C'est une belle parole que celle que Jacob prononce après la bénédiction et elle exprime à la fois le mode et la nature de la bénédiction divine: Et Jacob nomme ce lieu-là, Peniel, parce que, dit-il, «j'ai vu Dieu face à face et mon âme a été délivrée» — et le soleil se leva aussitôt qu'il eut passé Peniel, c'est-à-dire la face ou la vision de Dieu. Si l'on compare ceci avec ce que disent les Israélites en Sinaï (Deutéronome 4: 24-26) ou bien avec ce que dit le père de Samson (Juges 13: 22), on peut voir l'immense différence de sentiments que la vue de Dieu peut produire suivant les circonstances, et comment ce qui est une frayeur aux uns devient une bénédiction aux autres. Jacob était devenu à ses propres yeux un être pauvre, pécheur, et sans force; et pourtant la vue de Dieu qui épouvantait Israël, Manoah et d'autres, était la délivrance de l'âme de Jacob. C'est ce qui a lieu en effet pour quiconque voit Dieu et le connaît dans l'image qu'il nous a donnée de lui-même en son Fils bien-aimé (Hébreux 1: 1, 2). Car il est écrit: afin que quiconque contemple le Fils et croit en Lui ait la vie éternelle. Lorsque Dieu nous ouvre les yeux pour le contempler ainsi, il y a délivrance infaillible, car comme la lumière et la chaleur sont la part de ceux qui voient et regardent le soleil, il y a paix et pardon pour celui qui voit Dieu en Christ, vu que Dieu a mis la vie en son Fils pour les pêcheurs, comme il a mis la lumière dans le soleil.
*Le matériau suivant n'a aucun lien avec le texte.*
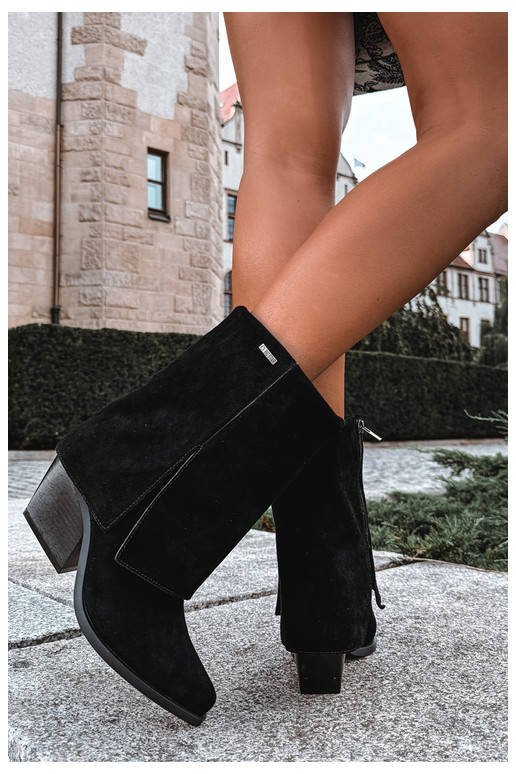 Koboi stiilis ankle boots konts looduslikust nubukist Big Star UU274113 must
Voir Dieu face à face est donc la délivrance de l'âme. Dans la nuit, Jacob avait affaire à Dieu, mais ne le voyait pas. Il le vit à l'aube du jour, et c'est alors qu'il sentit la main de Dieu et demanda la bénédiction qui lui fut accordée, en conséquence de quoi il nomme le lieu Peniel. Dieu ne lutte avec nous (et cela sans que nous puissions le voir à cause de la nuit de notre âme) que pour nous amener à contempler sa face et à la rechercher. Notre bénédiction est purement et simplement de la voir, après avoir eu la hanche déboîtée et le moi démoli; ce moment est pour nous l'aube du jour, après quoi le soleil se lève sur notre âme et nous continuons notre course l'âme délivrée, mais boitant d'une hanche, sentant, à chaque pas que nous faisons, notre faiblesse, mais cette faiblesse nous ramenant à la pensée de la délivrance.

Les chrétiens peuvent avoir plusieurs Peniels dans leur carrière. Il est rare que la vie se passe sans que Dieu soit obligé de venir nous trouver pour lutter avec nous, un moment ou l'autre; des chutes, des infidélités, du sommeil, des erreurs nécessitent souvent des visites de sa part.

On ne s'en tire pas sans faire l'expérience de Jacob, surtout si le mal s'est plus ou moins prolongé, et que l'âme y ait vécu à l'aise. Alors il faut quelquefois comme une seconde conversion; la lutte est terrible et d'autant plus qu'on a vécu dans plus de lumière; mais quelle joie quand la face de Dieu est de nouveau aperçue, et en même temps quelle frayeur de soi-même! comme l'on sort de là brisé et joyeux!